I was a little annoyed at Sam for not getting that Dean was coming from a place of "It's not that I don't think you can do it (I don't trust you to do it" but "I don't WANT you to do it because I put your life before my worthless one" which was my reading of last weeks ep. I'm still waiting for Dean to have a
Life
series finale epiphany that self-sacrifice isn't the answer for the ones you love, especially when they get left behind, alive and alone, that they need you to survive
for
them,
with
them. And that it's not even about acknowledging that you are a worthwhile person, but simply acknowledging that the person you hold highest wants you around, whether you "deserve" it or not. In my little fantasy world, that's where I want Dean's headspace to get to at the end of all things. Some Bab 5 awesomeness about being willing to die for someone/thing, and also being willing to live for them, too.
For the record, my little sister would probably have levied the same accusation at me, and somehow failed to understand the specific kind of idiot I was being in a real-world-sized equivalent situation. That and Dean's witch hypocrisy I see as long-standing character notes which are going to take more than one disappointing episode to get past.
I swear--I've been avoiding IO9 reviews because she's been disliking it, and now she says she loved this week, and I'm all WTF idjit! on her.
Thanks to your mention, Amy, I noticed the same team wrote Route 666, and I think that's about the point where I throw my hands up in defeat--no matter how many not awful (I liked A Little Slice of Kevin, for instance) episodes they do, that does mean they're responsible for my least watchable episode, so...maybe I was lucky to have liked some of it.
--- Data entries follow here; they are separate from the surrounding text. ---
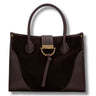 A dark brown handbag with a mix of suede and textured leather panels, featuring dual top handles, a front strap closure with a leather tassel, and a gold-tone metal D-ring and brand plaque.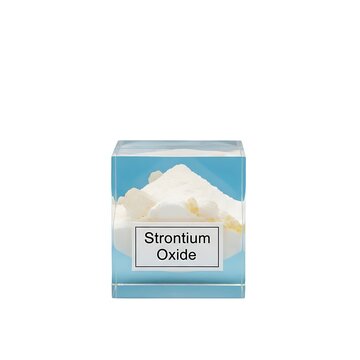 A small box of Strontium Oxide powder on a plain background
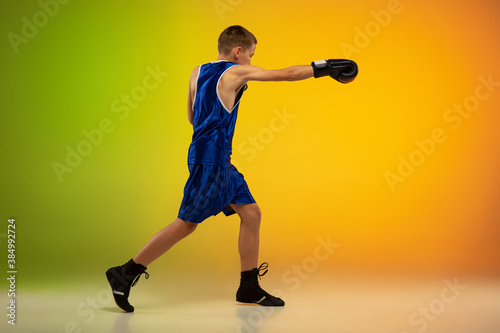 Fighter. Teenage professional boxer training in action, motion isolated on gradient background in neon light. Kicking, boxing. Concept of sport, movement, energy and dynamic, healthy lifestyle. © master1305
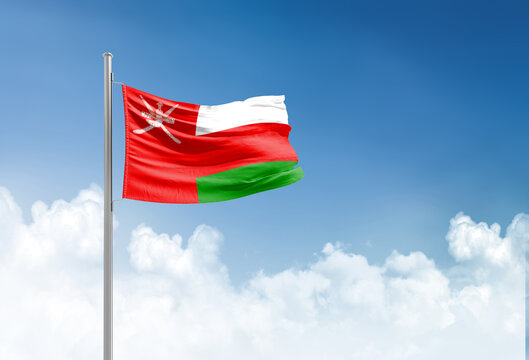 Oman flag waving in beautiful sky.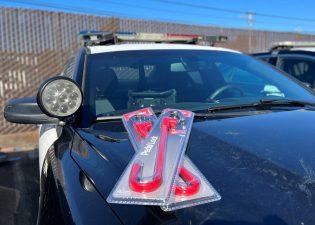 Alameda Post - a police car with locks in packages on the hood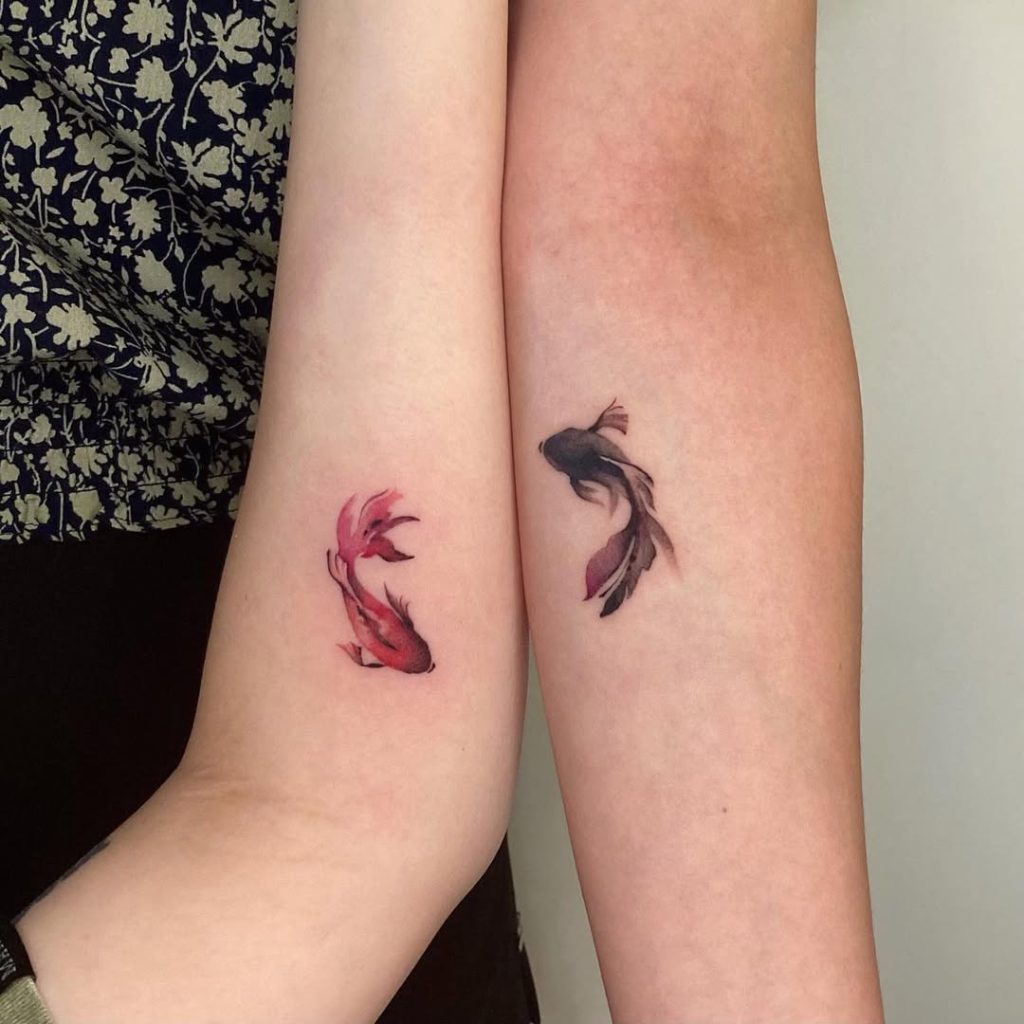 A matching pair tattoo of sumi-ink style goldfish on the arm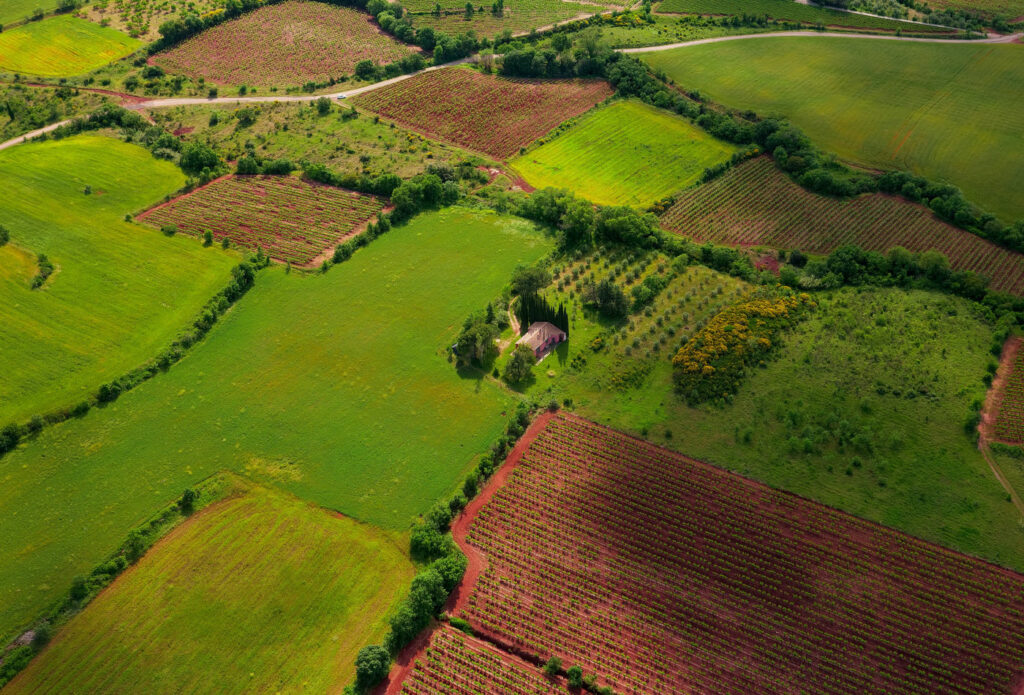 shows a birds eye view of farm land - Agricultural land insurance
And I can't help but think the writers room takes responsibility for some of what annoys me, not just the people with their names on the script.
And I can't help but think the writers room takes responsibility for some of what annoys me, not just the people with their names on the script.
Oh, absolutely. No one is handing in a script without a story approved (and most likely assigned) first. Still, it's always my instinct to blame the writer first, and I would imagine a lot of it is this team's doing -- like the questionable jokes, the poor characterization.
I saw that they had written more decent episodes than I thought, but I still don't like them. Sorry, Bob.